Am 20. Dezember 2002 hatten dieselben Handelsunternehmen zugesagt, bis zum 1. Oktober 2003 ein bundesweit funktionierendes Rücknahmesystem aufzubauen. "Man darf gespannt sein, wie Politik und einwegorientierte Getränkeindustrie auf diese grandiose Strategieänderung des Handels reagieren werden."
Hintergrundinformationen:
Mit der geplanten Verabschiedung der Novelle der Verpackungsverordnung im Bundesrat im Herbst 2003 würde die Mehrwegschutzquote von 72% entfallen. Sollte das Novellierungsverfahren scheitern - dies ist Voraussetzung für das Gelingen der Greipl-Strategie - besteht die VerpackV in der jetzigen Fassung fort.

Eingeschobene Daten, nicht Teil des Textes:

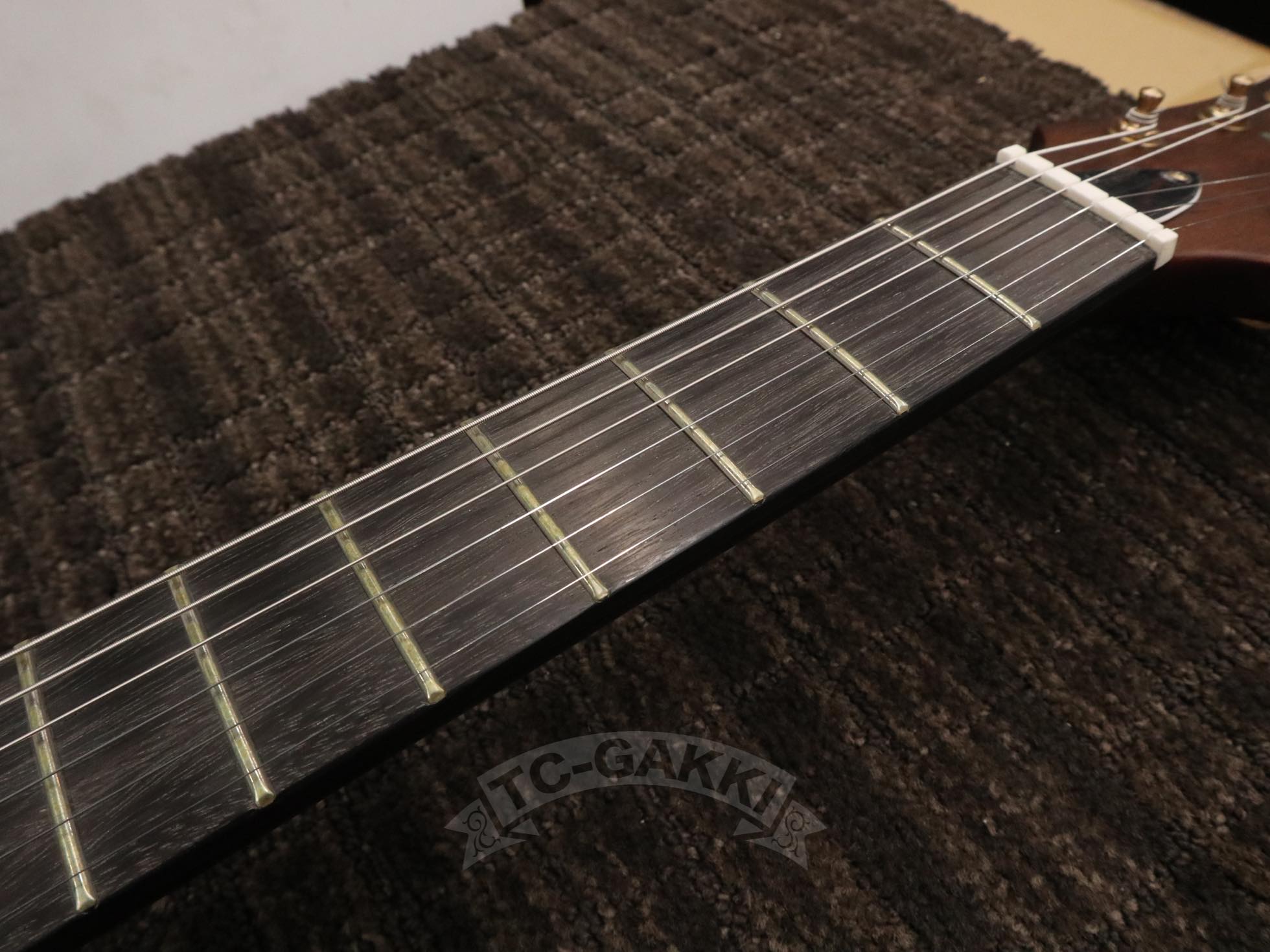 GE - 01 Limited Series - TC楽器 - TCGAKKI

Die Verpackungsverordnung sieht für die Auslösung des Pflichtpfandes wie auch für dessen Abschaffung die Über- bzw. Unterschreitung einer Mehrwegschutzquote von 72 % vor.
Diese Mehrwegschutzquote setzt sich aus fünf Einzel-Mehrwegquoten folgender Getränkegruppen zusammen: Bier, Wasser, Erfrischungsgetränke mit C02, Erfrischungsgetränke ohne C02, sowie Wein. Nur die ersten drei Getränkegruppen sind derzeit vom Pflichtpfand betroffen. Die beiden nicht bepfandeten Getränkegruppen haben einen Anteil von 20,7 % an der Gesamtgetränkemenge.
Die Mehrwegquoten für das erste Quartal 2003 (in Klammer der Wert für Dezember 2002) lauten: Bier 90,8% (70,9%); Wasser 78,8% (66,6%), Erfrischungsgetränke mit C02 74,1% (47,9%), Erfrischungsgetränke ohne C02 ca. 20,9% (ca. 21 %) und Wein 12,3% (14%).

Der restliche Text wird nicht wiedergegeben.